Copy, please, the line with "VF Volunteer Portal iPad screenshot" and each line that follows it through the end of the data below, exactly as given and without pictures.

— Material provided —
☆ ☆ ☆ ☆ ☆
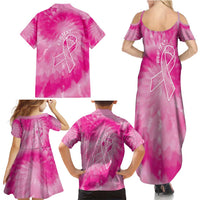 Personalized Breast Cancer Awareness Family Matching Summer Maxi Dress and Hawaiian Shirt Think Pink Tie Dye Ribbon - Wonder Print Shop
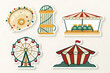 © Tofazzal - Amusement park themed stickers, non-overlapping separated on white background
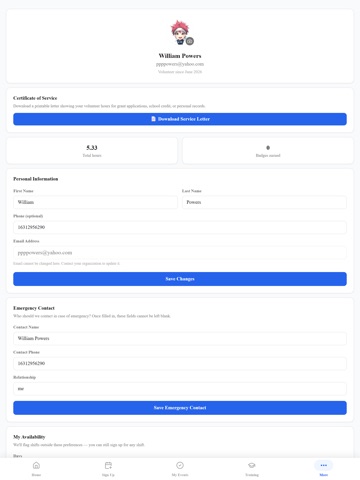 VF Volunteer Portal iPad screenshot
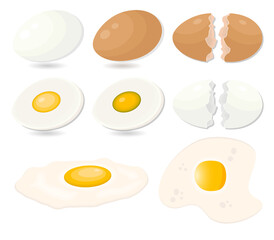Set of eggs fried and cooked concept vector food illustration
☆ ☆ ☆ ☆ ☆
— Written response —
 VF Volunteer Portal iPad screenshot
Set of eggs fried and cooked concept vector food illustration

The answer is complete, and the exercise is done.